### [TASK DESCRIPTION]
Return exactly, please, the lines from the one containing "Thumbnail 33 of" to the last line of the entries below, and nothing else, leaving pictures out.

[Records from a data collection]
"""

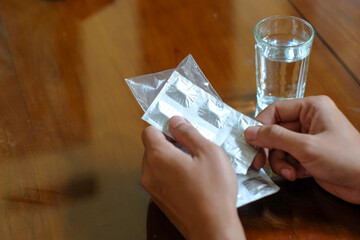 Hand holding a pack of medicine pills with a water glass on wood table background, for medical and healthcare concept.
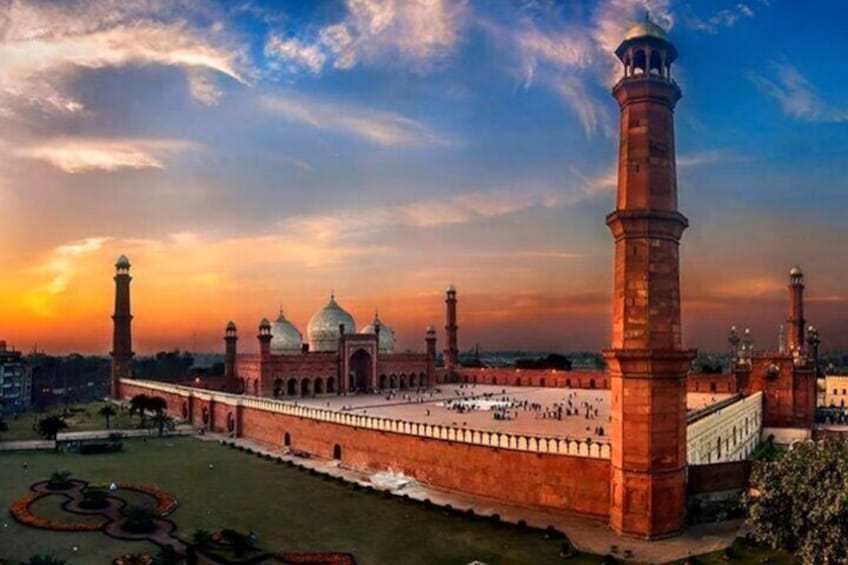 The Taj Mahal with its iconic minarets and large domes, surrounded by a large courtyard. 1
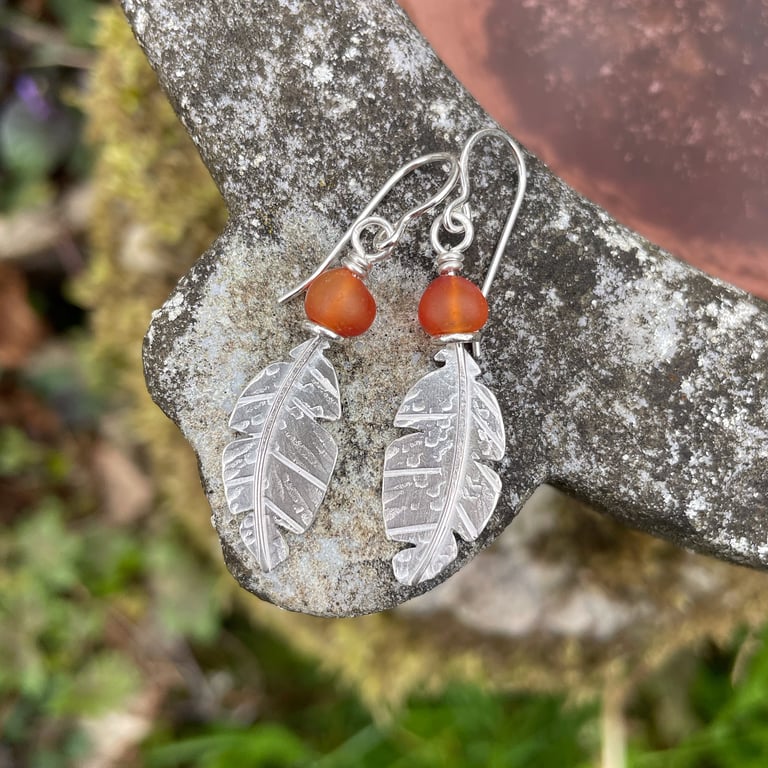 Silver and orange carnelian feather earrings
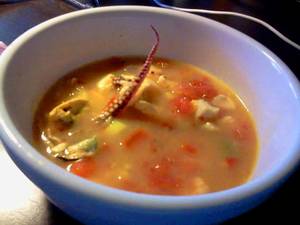 Homemade Tentacle Porn - Homemade Tom Yum Kai spicy Thai seafood soup. Look at the squid tentacle  rising from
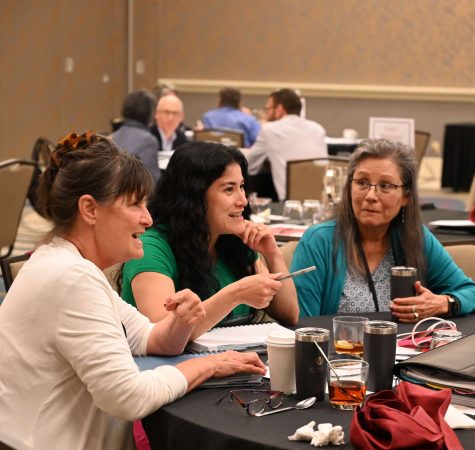 Three women have a conversation at a table at the Board Leadership conference
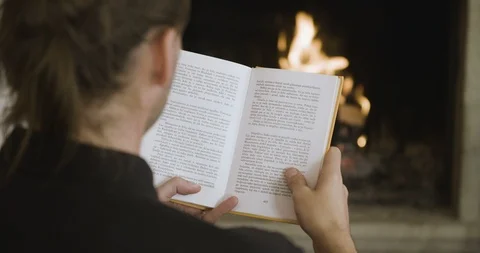 Reading a book in front of a fireplace Video stock 97934900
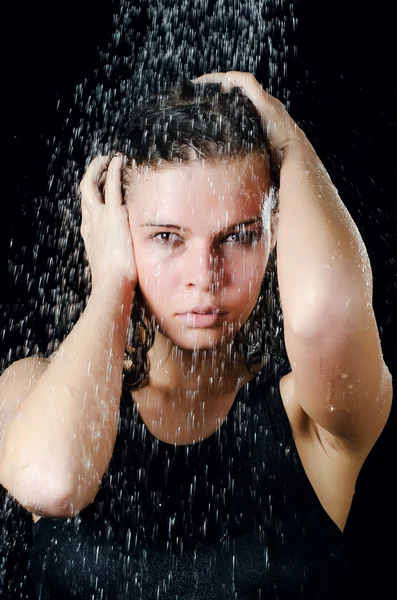 The girl under a shower on the black — Stock Photo, Image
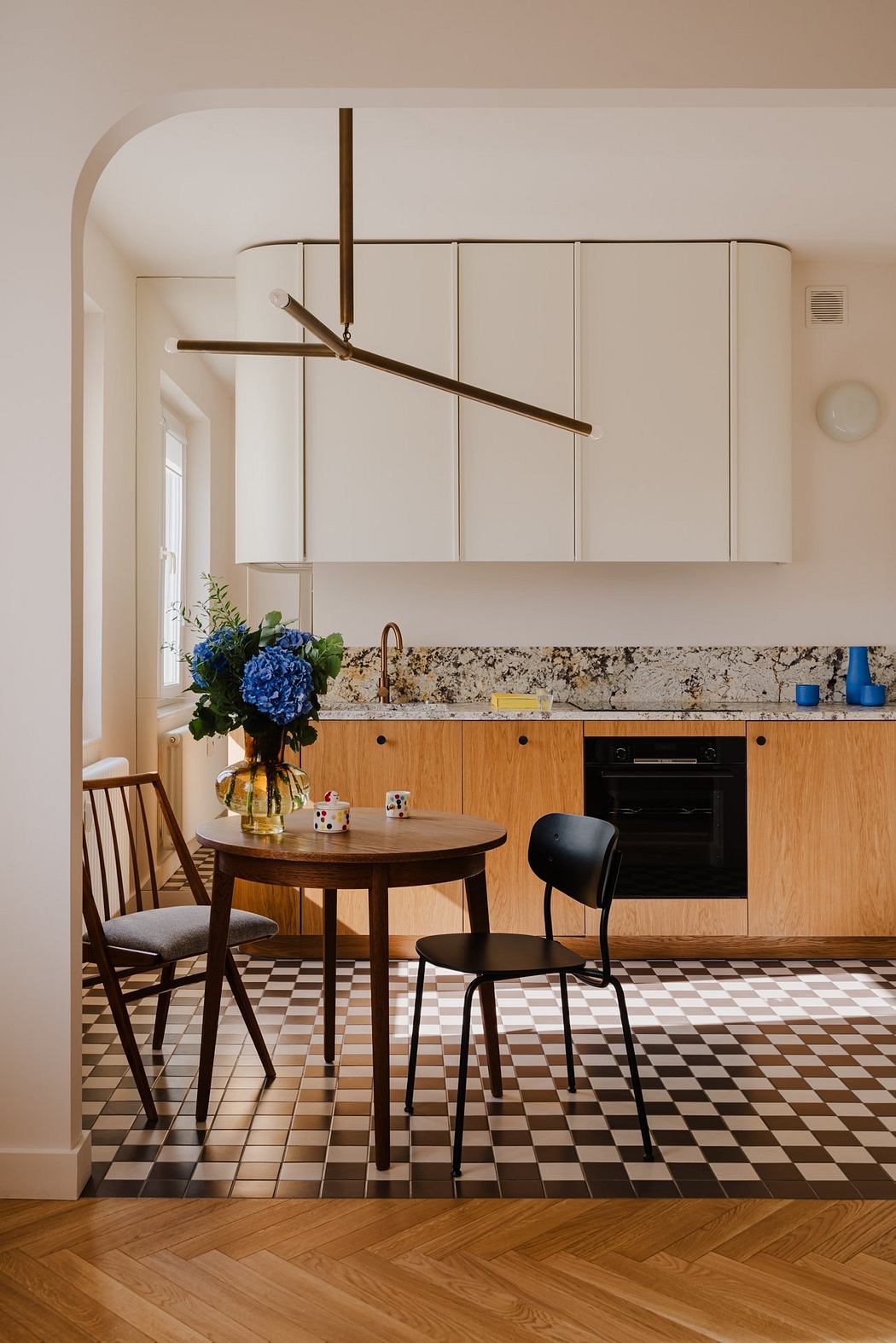 Modern kitchen with sleek wooden cabinets, pendant lighting, and a checkered tile floor.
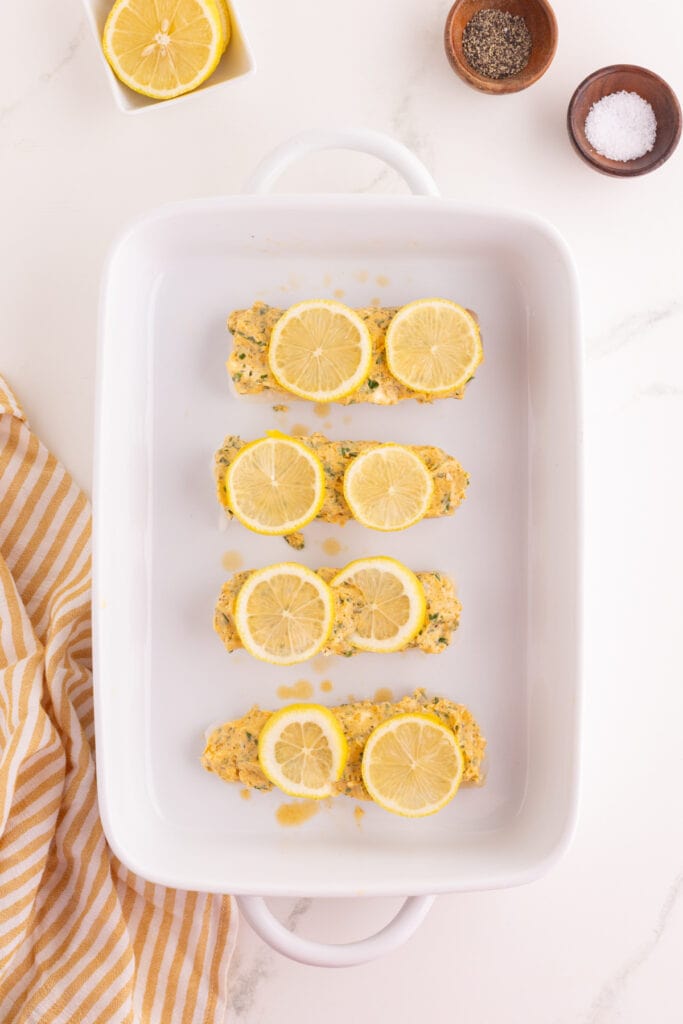 Cod fillets topped with lemon slices and garlic herb butter mixture in a white baking dish before baking.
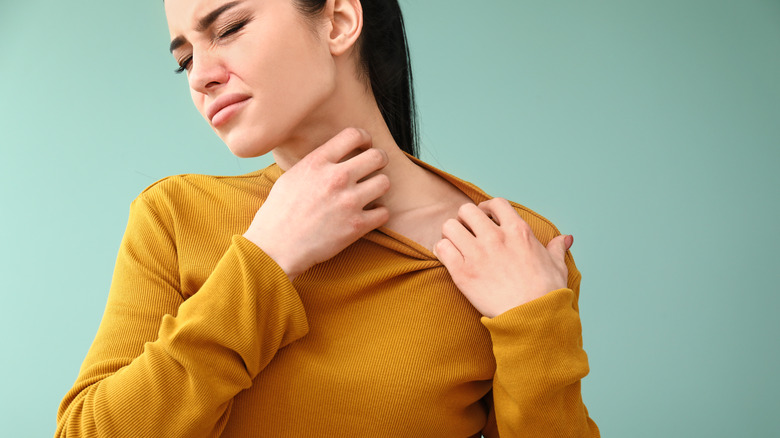 Woman itching from allergic reaction 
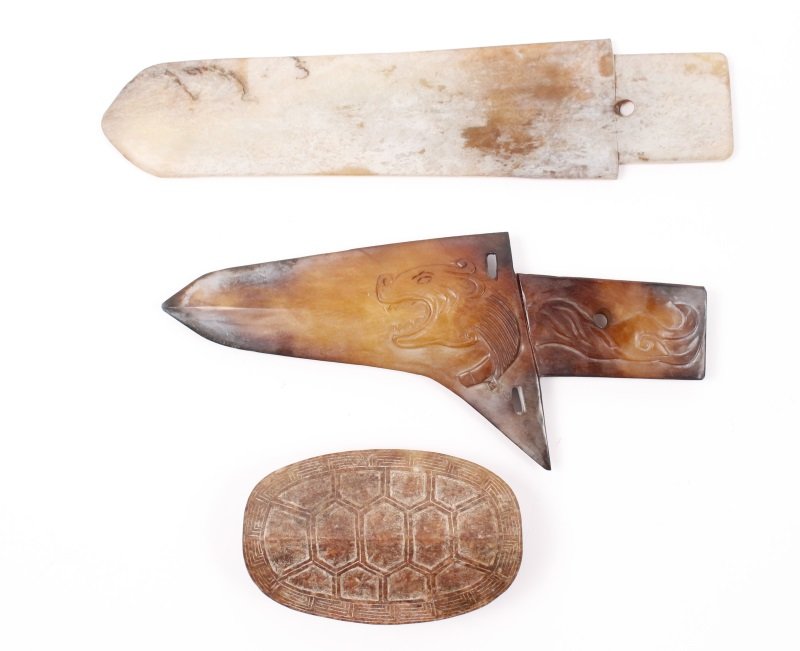 Group of 3 Chinese Carved Stone Items: A collection of Chinese carved stone items comprising of a carved brown stone turtle shell, possibly of jade, with bas relief shell details to ovular top and apertured protrusion to back with an archa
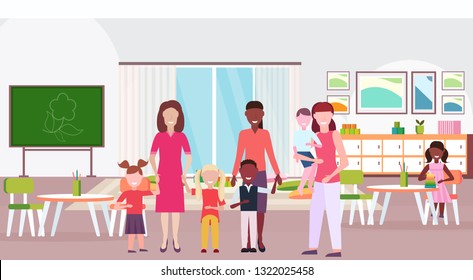 women teachers teaching mix race boys and girls preschool modern kindergarten children classroom with chalkboard desks chairs kid room interior full length flat horizontal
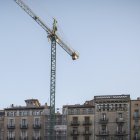 Una grua treballa en la construcció d'un edifici d'habitatges.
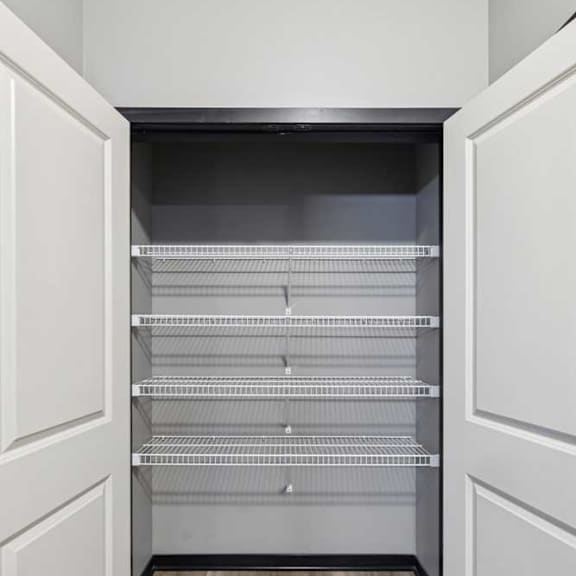 Thumbnail 33 of 33 A double door linen closet with several built-in shelves.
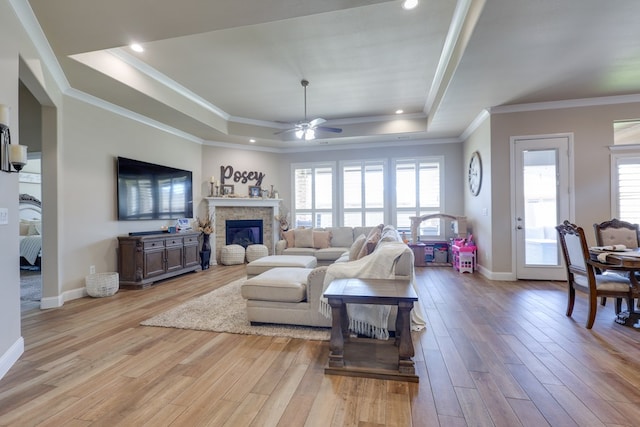 living area featuring a tray ceiling, ceiling fan, light wood-type flooring, crown molding, and baseboards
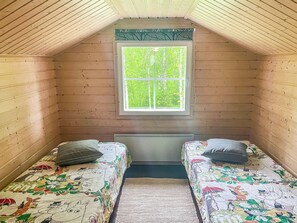A small, cozy room with two single beds, a window with a view of greenery, and a radiator under the window.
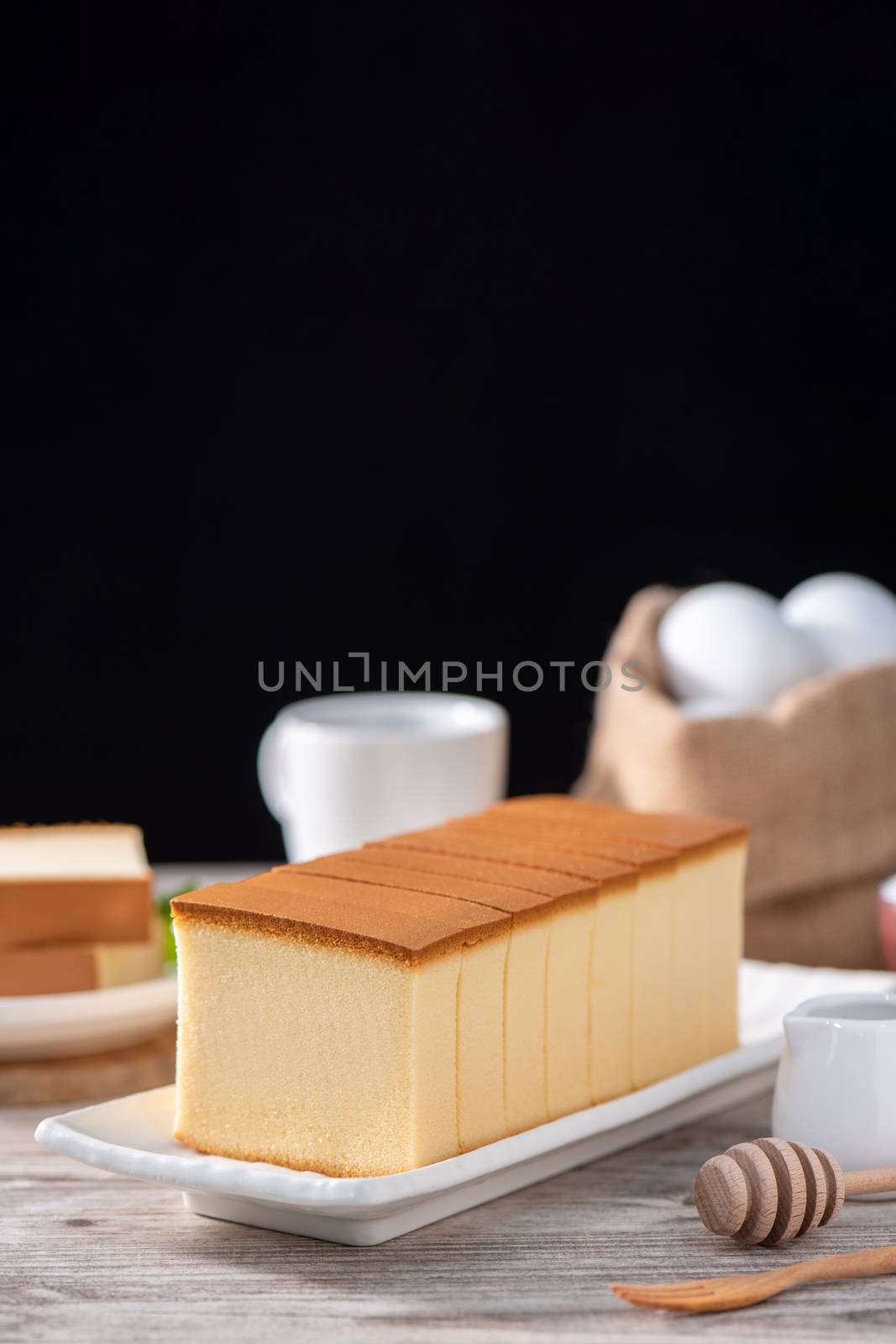 Castella (kasutera) - Delicious Japanese sliced sponge cake food on white plate over rustic wooden table, close up, healthy eating, copy space design.
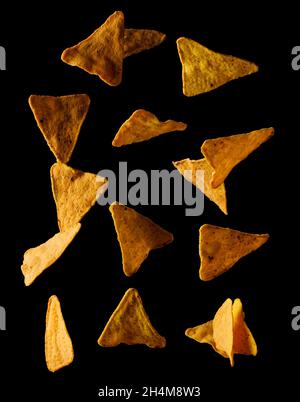 Flying mexican nachos chips, isolated on black background Stock Photo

"""

### [SOLVED PROBLEM]
 Thumbnail 33 of 33 A double door linen closet with several built-in shelves.
 living area featuring a tray ceiling, ceiling fan, light wood-type flooring, crown molding, and baseboards
A small, cozy room with two single beds, a window with a view of greenery, and a radiator under the window.
 Castella (kasutera) - Delicious Japanese sliced sponge cake food on white plate over rustic wooden table, close up, healthy eating, copy space design.
 Flying mexican nachos chips, isolated on black background Stock Photo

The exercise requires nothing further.